(Provided information begins)
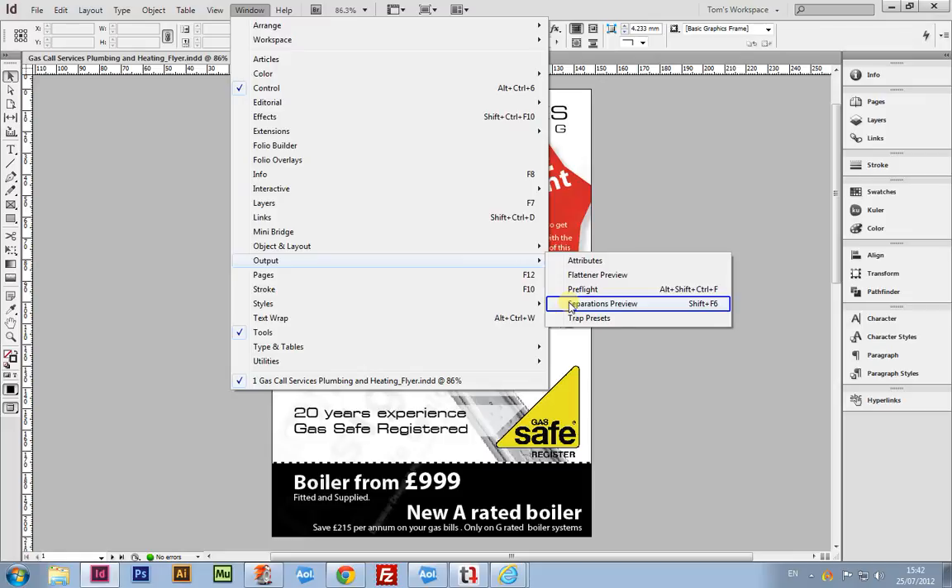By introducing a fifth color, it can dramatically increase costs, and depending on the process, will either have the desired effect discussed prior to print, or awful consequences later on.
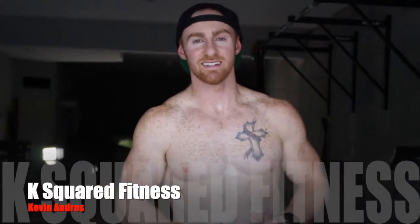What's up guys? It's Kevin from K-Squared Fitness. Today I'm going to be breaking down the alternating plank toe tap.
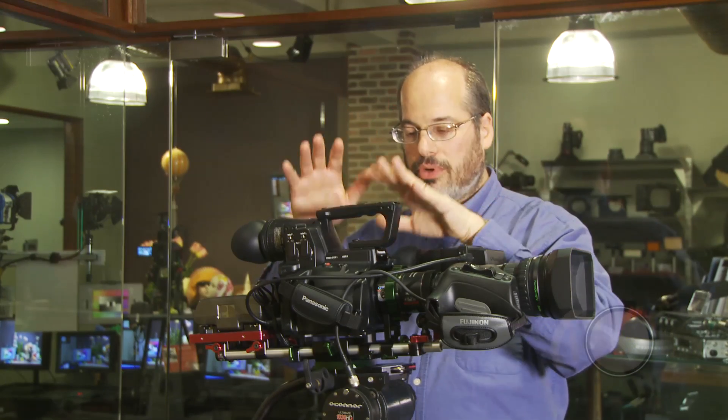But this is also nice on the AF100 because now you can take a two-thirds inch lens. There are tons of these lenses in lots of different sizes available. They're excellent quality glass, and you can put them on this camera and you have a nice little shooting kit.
(Provided information ends)
(Provided information begins)
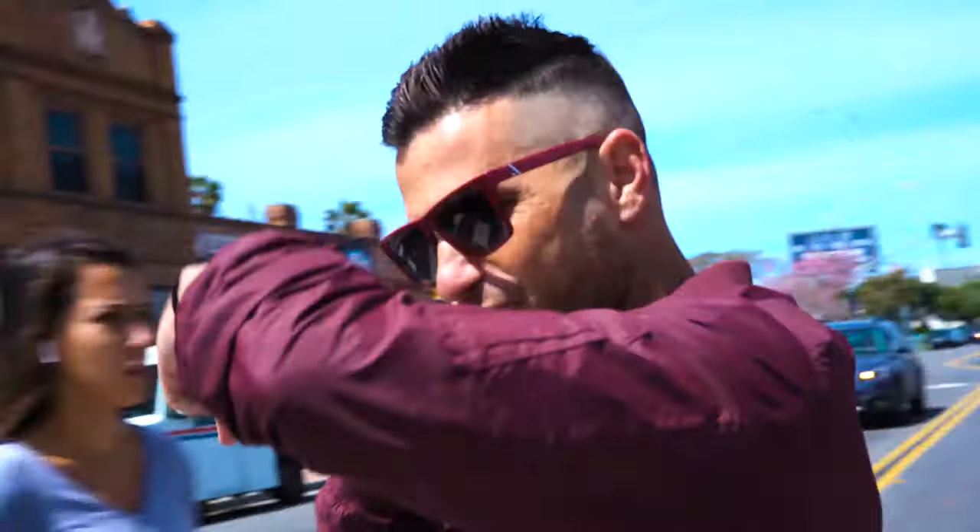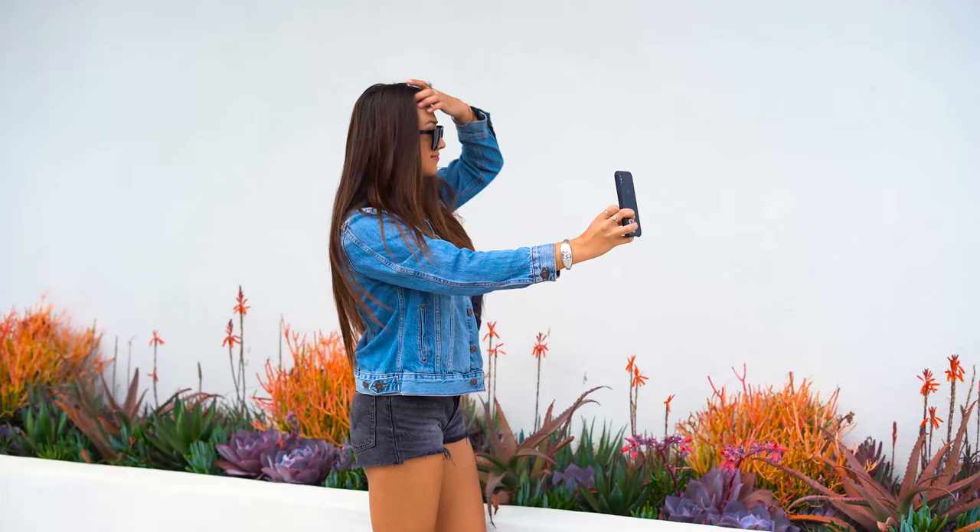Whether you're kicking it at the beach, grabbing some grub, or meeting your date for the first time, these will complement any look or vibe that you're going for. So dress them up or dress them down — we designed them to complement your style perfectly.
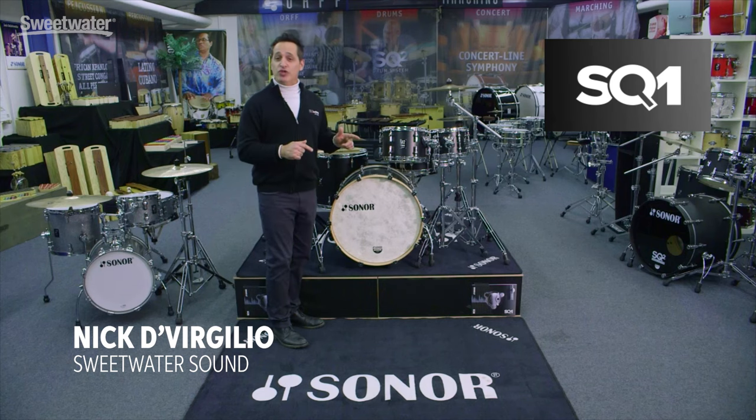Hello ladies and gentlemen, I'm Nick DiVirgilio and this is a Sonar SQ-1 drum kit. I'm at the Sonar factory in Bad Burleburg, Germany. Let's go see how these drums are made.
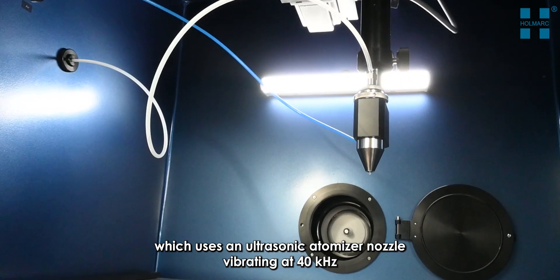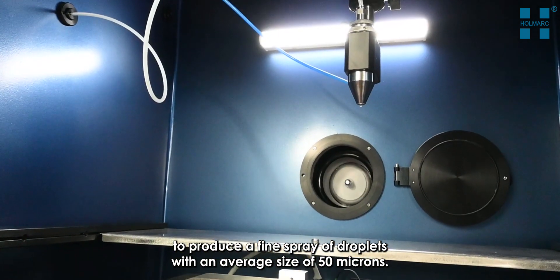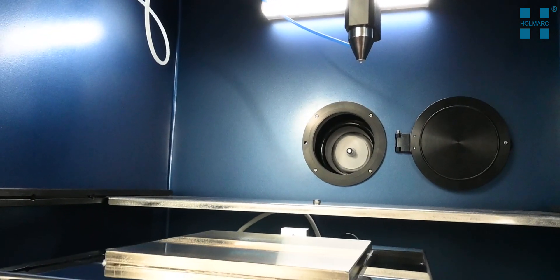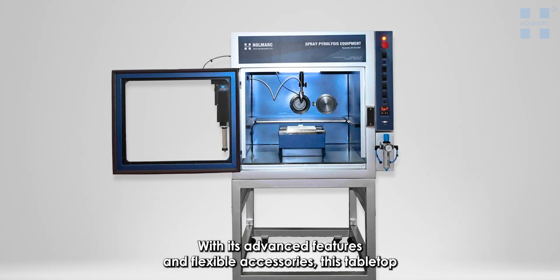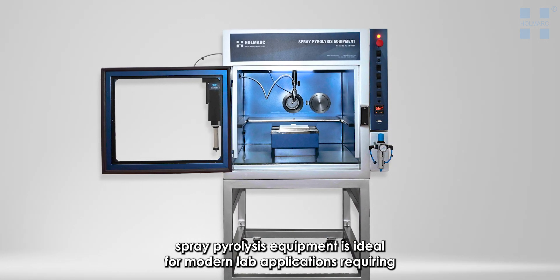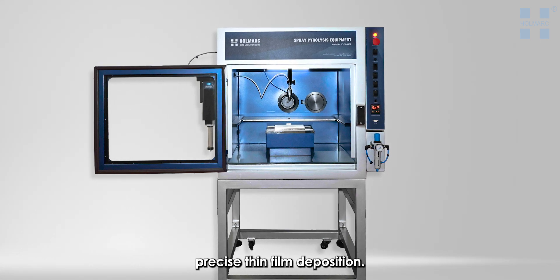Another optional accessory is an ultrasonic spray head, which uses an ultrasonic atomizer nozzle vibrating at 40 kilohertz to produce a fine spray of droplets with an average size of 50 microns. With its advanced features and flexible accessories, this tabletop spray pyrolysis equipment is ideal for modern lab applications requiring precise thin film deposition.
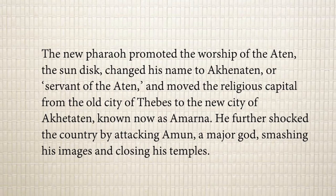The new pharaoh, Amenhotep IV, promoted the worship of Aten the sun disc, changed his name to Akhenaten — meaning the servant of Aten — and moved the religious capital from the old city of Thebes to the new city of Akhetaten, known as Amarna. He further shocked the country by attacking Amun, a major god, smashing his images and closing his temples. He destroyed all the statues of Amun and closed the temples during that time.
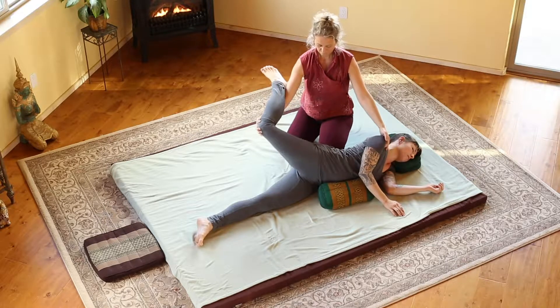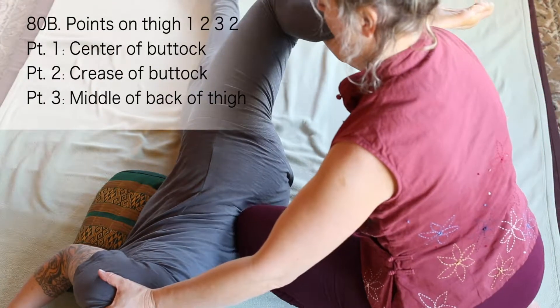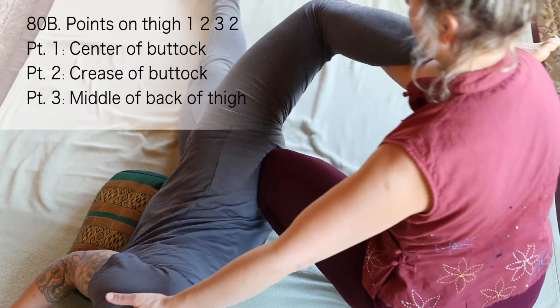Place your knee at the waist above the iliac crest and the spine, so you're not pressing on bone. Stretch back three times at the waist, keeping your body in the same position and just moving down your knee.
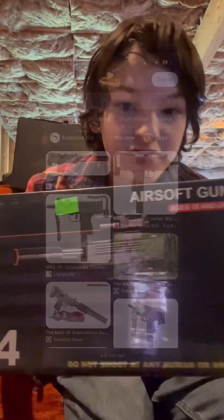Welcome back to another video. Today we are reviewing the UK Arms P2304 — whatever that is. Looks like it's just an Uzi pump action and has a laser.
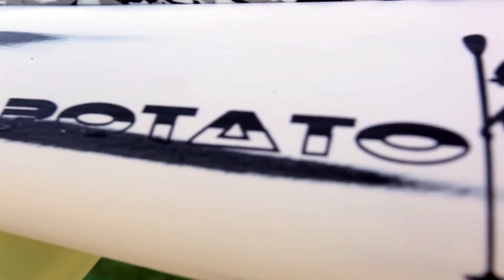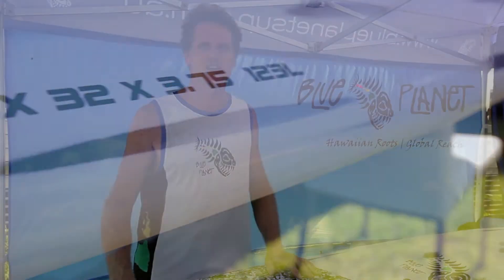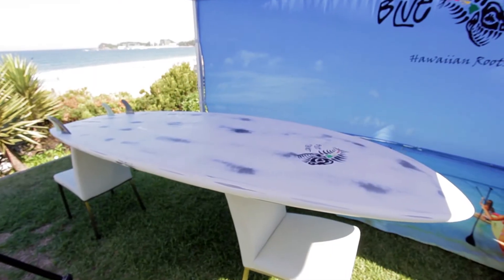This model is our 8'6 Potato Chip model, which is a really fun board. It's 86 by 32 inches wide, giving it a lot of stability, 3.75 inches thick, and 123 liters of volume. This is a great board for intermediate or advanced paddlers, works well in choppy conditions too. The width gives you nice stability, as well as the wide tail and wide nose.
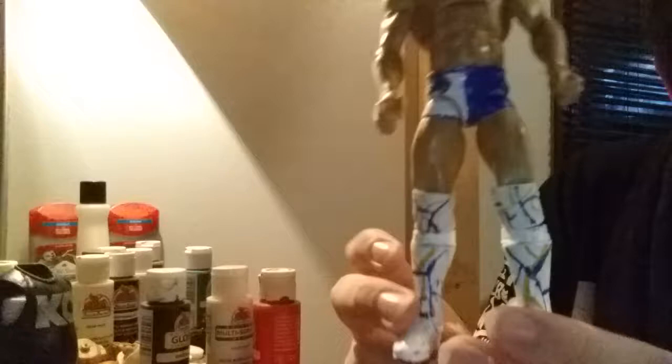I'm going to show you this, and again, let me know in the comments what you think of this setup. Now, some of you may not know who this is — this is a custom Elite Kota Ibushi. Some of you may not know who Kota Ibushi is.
(Provided information ends)
▶ Assignment
Out of the records above, set down only the lines from the one that contains "By introducing a" through the one that contains "What's up guys?", unchanged and without the pictures.

▶ Answer to this problem
By introducing a fifth color, it can dramatically increase costs, and depending on the process, will either have the desired effect discussed prior to print, or awful consequences later on.
What's up guys? It's Kevin from K-Squared Fitness. Today I'm going to be breaking down the alternating plank toe tap.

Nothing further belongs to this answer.